There are many interesting syntactic and semantic objects that hold a notion of symmetry that a simple syntax tree can’t quite capture.

  • Sets {1,3,5,2}
  • Integral expressions $\int dx e^{-x^2}$ have dummy variables
  • Sums $\sum_i a_i$ have dummy indices
  • lambdas $\lambda x. (x x)$, have bound variables
  • resolution clauses $ p(X) \lor q(X,Y)$
  • conjunctive database queries $R(a,b) \land R(b,c) \land R(c,a)$,
  • Graphs
  • indexful tensor expressions $T_{ijk}\epsilon_{ij}$

You sometimes want to manipulate these objects, index them for fast lookup, or check for equality modulo these intrinsic symmetries. I discussed some strategies here https://www.philipzucker.com/hashing-modulo/. In short some possible approaches are

  • Canonize to a unique form
  • Find a homomorphism into the integers
  • Find invariants / fingerprints

For sets for example, canonizing a list representation of a set can be done by simply sorting and deduping it. {1,3,5,2} becomes [1,2,3,5]. Very natural, Eazy peasy.
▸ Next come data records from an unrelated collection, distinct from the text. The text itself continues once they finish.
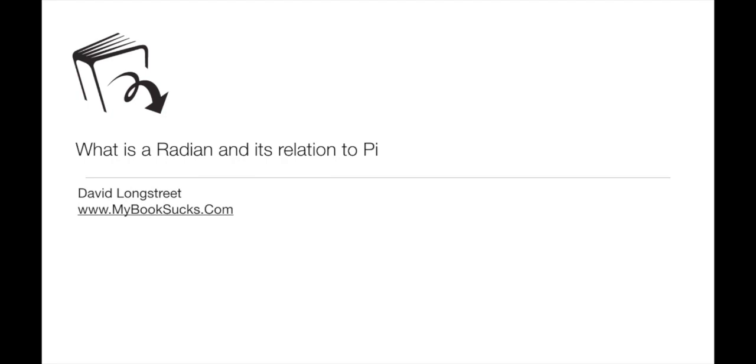In this animation, I'm going to describe what is a radian and its relationship to pi.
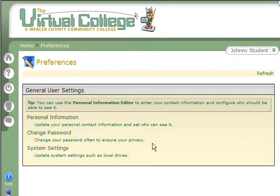If you have changed your password and for some reason you can't remember what you changed it to, you'll need to contact the Virtual College at 609-570-3389 or at virtual.college@mccc.edu and request to have your password reset.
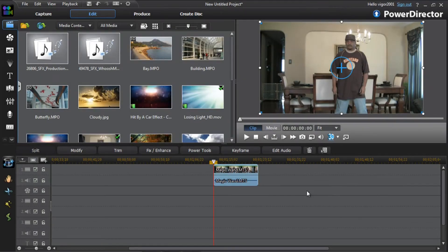Hey guys, how y'all doing out there? Time for another tutorial from VideoEditingSoftwareGuide.com. Today we're doing a tutorial on the wizard spell effect in Cyberlink PowerDirector 11 Ultimate. Let's get into it.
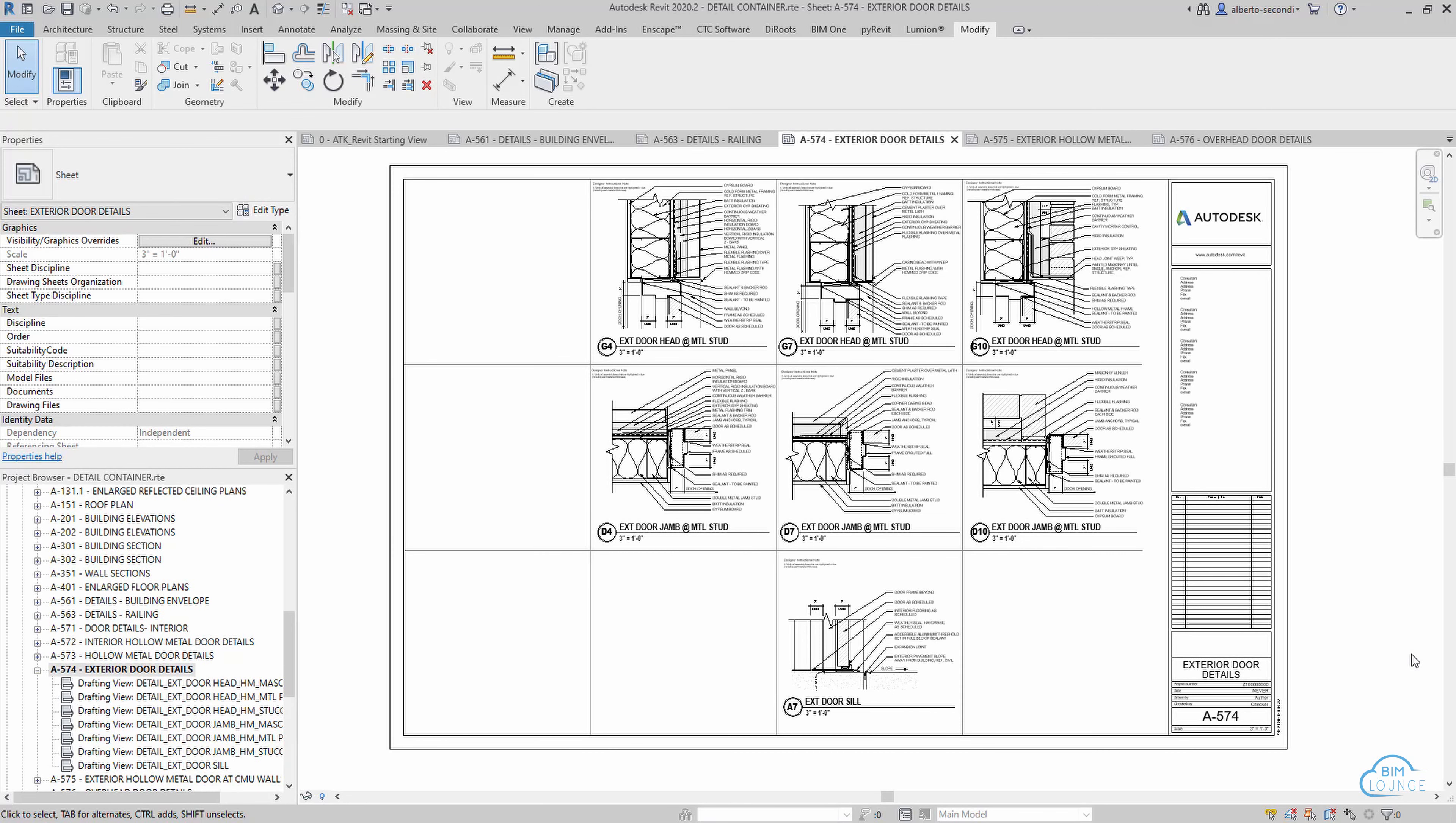Out of all the container files, the one I recommend you pay attention to the most is the detail container file. I say that mostly because this is probably the most technical one.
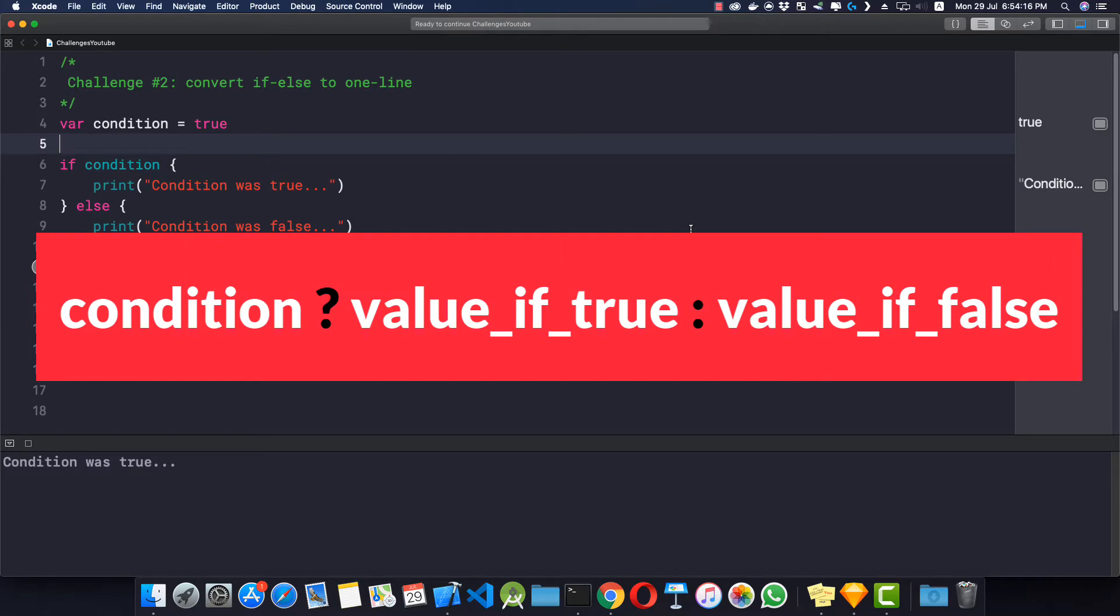Basically we have a condition and then a question mark, and then we provide the value if the condition is true, then a colon, and then we provide the second value if the condition is false. So let's see how to write it.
For lambda terms, a common canonical representation is de bruijn indices $\lambda x. (x x)$ becomes lam(app(var(0),var(0))), which name variables by the number of binders you need to cross to reach their binding lambda.

For binderless alpha invariant things, like a term with unification variables, you can label the variables via a traversal. For example f(X,Y,Y) becomes f(V0, V1, V1) traversing left to right. This particular strategy isn’t stable and therefore is inefficient upon building a new term using this as a subterm, but it is conceptually ok.

But when you start combining set-like things (Associative, commutative and idempotent) with variables, one gets stumped though. This is the case for clauses, tensor expressions, and conjunctive queries. Procedures to name the variables and the procedure to sort the set are entangled. Which do we do first?

One idea is to use a non-ground term ordering to sort the sets. These non-ground term orderings are intrinsically partial though. Also they are way more complicated than anything we’ve discussed so far. They are more for dealing with substitution problems than alpha invariance problems. It is overkill.

You can also replace variables with a marker node V and use that term as a invariant. f(X,Y,Y) becomes f(V,V,V). This is kind of the idea used in discrimination tries. This is an invariant, but it is lossy. It doesn’t distinguish between f(X,Y) and f(X,X).

But how do we actually achieve the canonization approach rather than fingerprinting?

I was stumped for while on how to canonize clause-like things, coming up with this and that criteria on naming the variables and breaking ties.

An important revelation is to note that this problem is no going to be solvable in general without search. It is basically a variation of graph canonization, which solves graph isomorphism, something which for which a polynomial time algorithm is unknown. Once we’ve given up on the problem being search free, things become clearer.

Consider canonizing the set of terms {f(X,X), f(X,Y)}.

We can take a step back from particular procedures and note that we are looking through the space of labellings of variables. {f(v1,v1), f(v1,v0)} or {f(v0,v0), f(v0,v1)} are the options here considering only variable namings. In combination with set permutations this becomes [f(v1,v1), f(v1,v0)] or [f(v0,v0), f(v0,v1)] or [f(v0,v1), f(v0,v0)] or [f(v1,v0), f(v1,v1)].

Our procedures are trying to come up with some method to select one in particular.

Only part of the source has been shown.